Mercy Obiero, de los suburbios de Kenia a pionera olímpica de halterofilia

Nairobi, 20 mar (EFE).- Mercy Obiero, de 40 años, siempre se creyó capaz de imitar todo lo que hiciera su hermano, llegando a ser una de las mujeres más fuertes de Kenia y la primera en representar a su país en unos Juegos Olímpicos en halterofilia.

“Si no fuera por mi hermano David Obiero hoy no estaría aquí. Él fue quien me motivó y me animó todo este tiempo, incluso después de que él dejara la halterofilia de forma profesional”, explica Mercy a Efe en un recóndito gimnasio del suburbio de Eastleigh, en Nairobi, habitado en su mayoría por inmigrantes y refugiados somalís.

El característico bullicio de ese barrio, conocido como “pequeño Mogadiscio”, con mujeres cubiertas con coloridos burkas caminando de un lado para otro, vendedores ambulantes bajo un sol abrasador y decenas de hombres tomando té, se ve apaciguado dentro del gimnasio Mennonite Knights, donde Mercy se dispone a comenzar su entrenamiento.

La melosa llamada al rezo de un muecín -poco antes de las cuatro de la tarde- se cuela por las ventanas de este modesto local, donde algunos hombres que levantan pesas miran con recelo a Mercy mientras se coloca sus guantes y protecciones en las rodillas.

“La mayoría de los hombres cree que eres una chica normal y que no puedes levantar tanto peso”, añade la levantadora de pesas, habituada a este tipo de situaciones en los diferentes gimnasios a los que acude, “incluso se preocupan por si te va a pasar algo”.

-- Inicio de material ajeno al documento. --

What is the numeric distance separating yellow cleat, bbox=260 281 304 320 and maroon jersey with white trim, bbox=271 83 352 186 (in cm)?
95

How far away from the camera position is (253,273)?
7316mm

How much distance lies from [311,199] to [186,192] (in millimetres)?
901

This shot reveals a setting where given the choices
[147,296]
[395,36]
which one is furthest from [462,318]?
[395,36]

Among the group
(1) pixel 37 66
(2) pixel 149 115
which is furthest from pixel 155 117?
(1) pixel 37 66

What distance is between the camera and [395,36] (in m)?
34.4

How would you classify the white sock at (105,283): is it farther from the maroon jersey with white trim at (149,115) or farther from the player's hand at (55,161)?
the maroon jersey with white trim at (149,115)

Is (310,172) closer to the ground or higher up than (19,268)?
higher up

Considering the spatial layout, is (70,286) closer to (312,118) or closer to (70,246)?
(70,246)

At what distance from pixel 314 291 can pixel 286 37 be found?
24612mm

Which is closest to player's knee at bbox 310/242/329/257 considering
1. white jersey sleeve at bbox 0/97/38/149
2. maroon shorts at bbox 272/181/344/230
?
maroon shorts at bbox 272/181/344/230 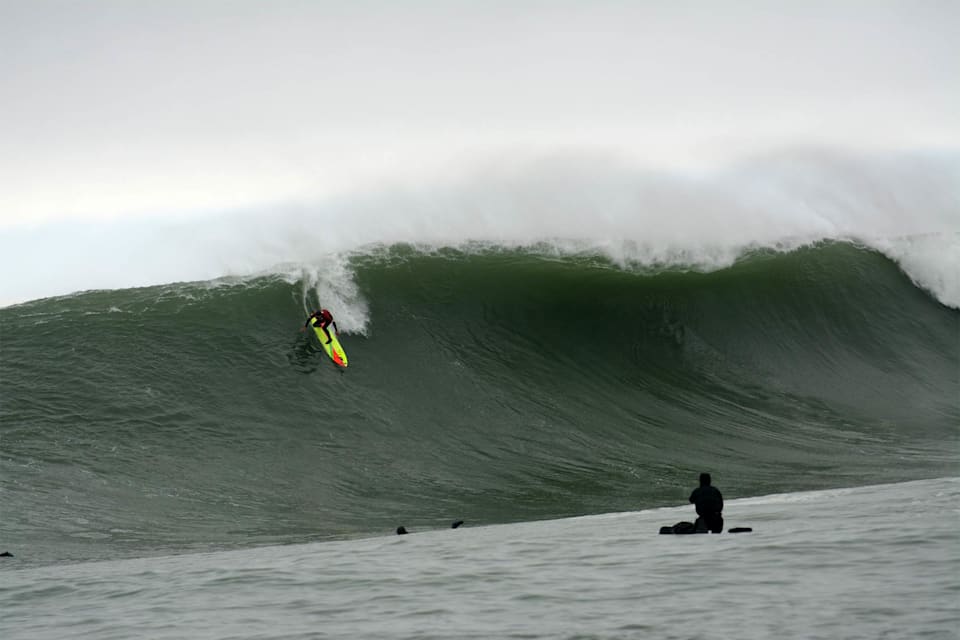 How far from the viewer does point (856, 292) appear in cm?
Result: 2147

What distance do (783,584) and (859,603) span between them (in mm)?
681

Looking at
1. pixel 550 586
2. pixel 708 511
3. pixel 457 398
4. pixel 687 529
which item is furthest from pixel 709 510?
pixel 457 398

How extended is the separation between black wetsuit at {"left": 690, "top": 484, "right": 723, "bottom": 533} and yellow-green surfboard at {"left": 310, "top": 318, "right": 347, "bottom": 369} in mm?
7395

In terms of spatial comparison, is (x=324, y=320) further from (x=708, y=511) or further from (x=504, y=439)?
(x=708, y=511)

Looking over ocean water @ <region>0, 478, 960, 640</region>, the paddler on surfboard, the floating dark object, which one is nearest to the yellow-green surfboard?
the paddler on surfboard

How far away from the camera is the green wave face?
1160 cm

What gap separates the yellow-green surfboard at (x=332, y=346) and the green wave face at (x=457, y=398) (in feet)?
0.42

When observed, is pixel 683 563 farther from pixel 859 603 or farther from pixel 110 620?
pixel 110 620

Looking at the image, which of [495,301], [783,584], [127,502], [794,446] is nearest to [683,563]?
[783,584]

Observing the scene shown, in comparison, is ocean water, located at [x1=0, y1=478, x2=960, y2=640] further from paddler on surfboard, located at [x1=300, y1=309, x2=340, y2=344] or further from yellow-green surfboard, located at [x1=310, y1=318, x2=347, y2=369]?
paddler on surfboard, located at [x1=300, y1=309, x2=340, y2=344]

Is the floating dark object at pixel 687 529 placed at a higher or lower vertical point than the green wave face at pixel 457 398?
lower

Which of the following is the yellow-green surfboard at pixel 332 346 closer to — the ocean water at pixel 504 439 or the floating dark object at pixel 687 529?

“Pero a mí me gusta, porque al final siempre les reto y les acabo enseñando algún movimiento nuevo”, añade con entusiasmo.

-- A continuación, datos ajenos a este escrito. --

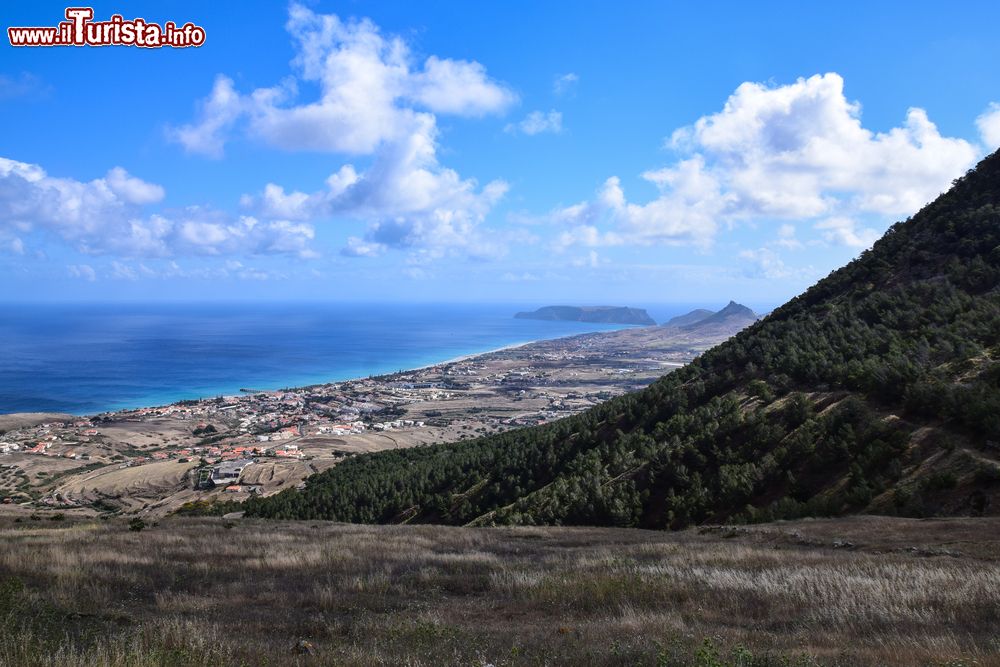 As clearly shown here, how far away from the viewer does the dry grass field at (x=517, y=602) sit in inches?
201

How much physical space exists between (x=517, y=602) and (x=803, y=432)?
1931 cm

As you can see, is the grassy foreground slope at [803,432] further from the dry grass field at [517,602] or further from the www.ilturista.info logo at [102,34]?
the www.ilturista.info logo at [102,34]

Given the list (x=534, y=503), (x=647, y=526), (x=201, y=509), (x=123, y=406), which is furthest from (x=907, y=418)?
(x=123, y=406)

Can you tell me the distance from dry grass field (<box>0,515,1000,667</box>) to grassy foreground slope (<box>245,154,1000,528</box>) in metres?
5.89

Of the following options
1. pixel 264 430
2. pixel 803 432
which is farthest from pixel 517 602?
pixel 264 430

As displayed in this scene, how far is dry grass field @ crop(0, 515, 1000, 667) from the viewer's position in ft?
16.8

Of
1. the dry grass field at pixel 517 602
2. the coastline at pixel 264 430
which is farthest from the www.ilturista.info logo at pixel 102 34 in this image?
the coastline at pixel 264 430

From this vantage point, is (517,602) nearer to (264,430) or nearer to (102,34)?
(102,34)

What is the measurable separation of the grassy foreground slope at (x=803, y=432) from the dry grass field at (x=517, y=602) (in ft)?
19.3

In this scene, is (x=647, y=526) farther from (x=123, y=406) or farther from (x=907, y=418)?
(x=123, y=406)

“Les corrijo -prosigue- y al final me dan la razón, conscientes de que lo que les estoy diciendo es lo correcto”.

Antes de llegar a los Juegos Olímpicos de Londres 2012, siendo la primera representante femenina de halterofilia en la historia de Kenia y la segunda de toda África Oriental, debutó a nivel internacional en los Juegos de la Mancomunidad de 2002 en Manchester (Reino Unido).

Desde entonces, ha participado en diversas competiciones como los Juegos Panafricanos de 2015 en Brazaville (Congo) -en los que logró la medalla de bronce- o los Campeonatos Africanos de 2016 en la capital camerunesa de Yaundé, donde obtuvo plata en la modalidad de 69 kilos.

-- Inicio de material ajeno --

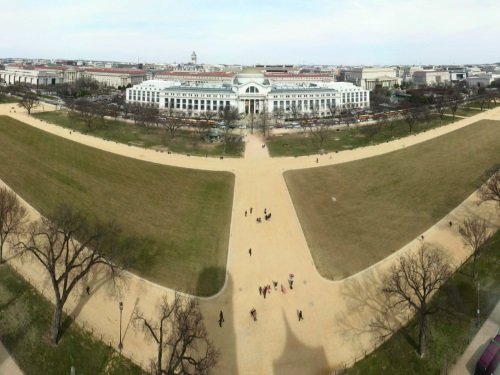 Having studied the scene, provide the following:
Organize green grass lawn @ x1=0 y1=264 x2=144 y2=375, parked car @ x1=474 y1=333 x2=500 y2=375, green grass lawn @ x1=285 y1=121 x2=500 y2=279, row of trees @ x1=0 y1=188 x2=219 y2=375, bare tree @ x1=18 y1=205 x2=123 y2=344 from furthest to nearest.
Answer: green grass lawn @ x1=285 y1=121 x2=500 y2=279, bare tree @ x1=18 y1=205 x2=123 y2=344, green grass lawn @ x1=0 y1=264 x2=144 y2=375, parked car @ x1=474 y1=333 x2=500 y2=375, row of trees @ x1=0 y1=188 x2=219 y2=375


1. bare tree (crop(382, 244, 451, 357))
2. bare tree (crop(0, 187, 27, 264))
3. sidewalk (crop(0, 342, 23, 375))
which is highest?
bare tree (crop(0, 187, 27, 264))

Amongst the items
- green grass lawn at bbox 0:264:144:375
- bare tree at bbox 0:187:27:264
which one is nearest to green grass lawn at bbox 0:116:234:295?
bare tree at bbox 0:187:27:264

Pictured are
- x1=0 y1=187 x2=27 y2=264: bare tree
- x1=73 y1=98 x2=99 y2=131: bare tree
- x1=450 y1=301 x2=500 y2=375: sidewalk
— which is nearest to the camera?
x1=450 y1=301 x2=500 y2=375: sidewalk

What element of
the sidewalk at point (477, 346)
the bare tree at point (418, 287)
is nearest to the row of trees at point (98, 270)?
the bare tree at point (418, 287)

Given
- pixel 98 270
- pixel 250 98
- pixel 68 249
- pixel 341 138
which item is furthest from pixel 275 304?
pixel 250 98

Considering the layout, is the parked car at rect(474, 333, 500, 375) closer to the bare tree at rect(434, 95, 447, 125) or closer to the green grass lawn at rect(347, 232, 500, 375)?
the green grass lawn at rect(347, 232, 500, 375)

Sin embargo, una reciente lesión en la espalda le impidió alcanzar nuevas metas olímpicas, y fue entonces cuando decidió que, quizá, era el momento de pasar su conocimiento a la siguiente generación de mujeres kenianas, para que fueran ellas las que llevaran la halterofilia a su punto más álgido.

“Me gusta mucho entrenar, además puedes llegar a conseguir medallas, dinero…, pero no me gusta solo por el dinero”, dice a Efe una tímida Chanel, de 10 años, hija de Mercy Obiero y a quien ésta entrena junto a otras cinco compañeras.

Para Mercy es importante que las chicas jóvenes comiencen a interesarse por este deporte “poco valorado en Kenia”, porque, a su juicio, las hace ser disciplinadas y organizadas en su día a día tanto en casa como en el colegio.

“(La halterofilia) no es un deporte muy popular en Kenia -reconoce-, menos entre las mujeres, pero está creciendo”.

“A la mayoría les da miedo porque creen que van a ganar mucho músculo y asemejarse a un hombre, pero es mentira, la halterofilia te permite mantenerte en forma y mejora tu sistema cardiovascular”, apostilla.

Marcy sueña a su vez con impulsar este deporte en otros condados kenianos -como los costeros Mombasa o Kisumu- con el fin de que los mitos alrededor de esta práctica se disipen y más mujeres se atrevan a levantar pesas de un centenar de kilos.

“El mayor reto es conseguir que se alimenten seis veces al día y vigilar qué comen en el colegio”, detalla la deportista en relación a sus alumnas, cuyas familias no siempre pueden permitirse una dieta equilibrada, rica en proteínas pero también en frutas y verduras.

A ello se le suma la ausencia de instalaciones deportivas adecuadas, sobre todo, en barriadas como Eastleigh -colindante con el creativo suburbio de Mathare-, donde pese a un fuerte crecimiento económico, albañiles, trabajadoras domésticas o porteadores ganan entre 200 y 400 chelines al día (menos de 3,5 euros).

Su mayor preocupación ahora es conseguir que sus chicas compitan en los campeonatos juveniles de Samoa, para lo que antes de junio tienen que ser capaces de levantar 15 kilos.

“Lo van a lograr, estoy 100 % segura”, augura Mercy Obiero mientras supervisa la técnica de su hija.